The author and his webmaster, summer of 1965.

Wednesday, August 24, 2016

Hillary’s Economic Plan


The top 1 percent are defined as households making more than $730,000 a year.  Reportedly, the top 1 percent of households would see their taxes go up by more than $78,000 on average under Hillary Clinton’s economic plan.  The plan would require that the top 1 percent pay more than three-quarters of tax increases, and the majority of tax filers would see little change in their after-tax income.

Clinton’s tax plan would reduce deficits in the first decade by $1.1 trillion and by another $2.1 trillion in the following decade.

She would impose the so-called Buffett Rule, that requires those with adjusted gross incomes over $1 million to pay a minimum of 30 percent of their income in taxes.  Furthermore, the plan would impose a 4 percent surcharge on adjusted gross income over $5 million.

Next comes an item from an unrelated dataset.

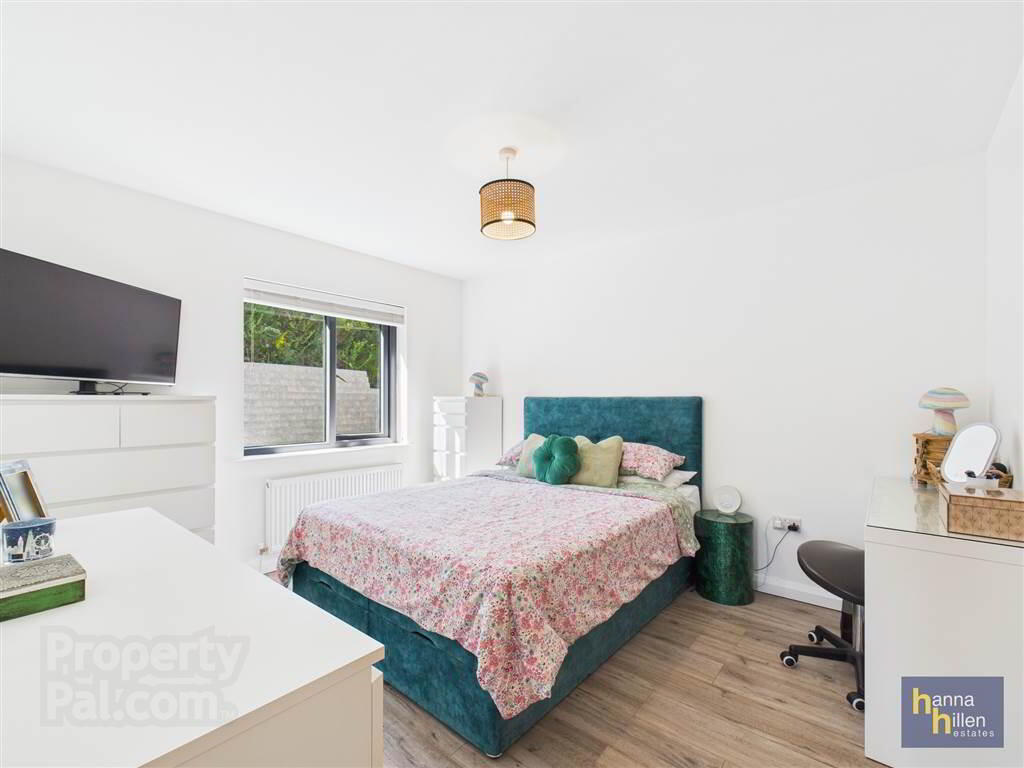 17 Dargan Close 13 of 20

Clinton’s plan would limit the value of certain deductions and exclusions to 28 percent.  Thereby, reducing the benefit of tax breaks for anyone in tax brackets higher than 28 percent.

Individually and combined those measures would make figuring one's tax liability harder.  For instance, filers would need to compare their tax bill under both the regular code and the Alternative Minimum Tax to what they would owe under the Buffett Rule, and pay whichever is highest.

Capital gains are a major source of wealth for very high-income filers, who make more than $400,000.  Under today's tax code, they pay a 20 percent tax on realized gains from investments held more than a year.  Clinton would preserve that rate, but only for investments held at least six years.  Under her plan, realized gains on investments held less than six years would be taxed on a sliding scale.  The top capital gains tax rate would then fall by about 4 percentage points each year thereafter until it reaches 20 percent in year six.

Clinton’s plan would require so-called carried interest to be taxed as ordinary income.  Carried interest is a portion of investment profits paid to managers of hedge funds, venture capital funds, and other private equity funds.

Money and assets left to heirs would be taxed more heavily if they come from larger estate.  Estates worth more than $3.5 million ($7 million for married couples.)  Hillary Clinton’s plan would also raise the top estate tax rate to 45 percent from 40 percent.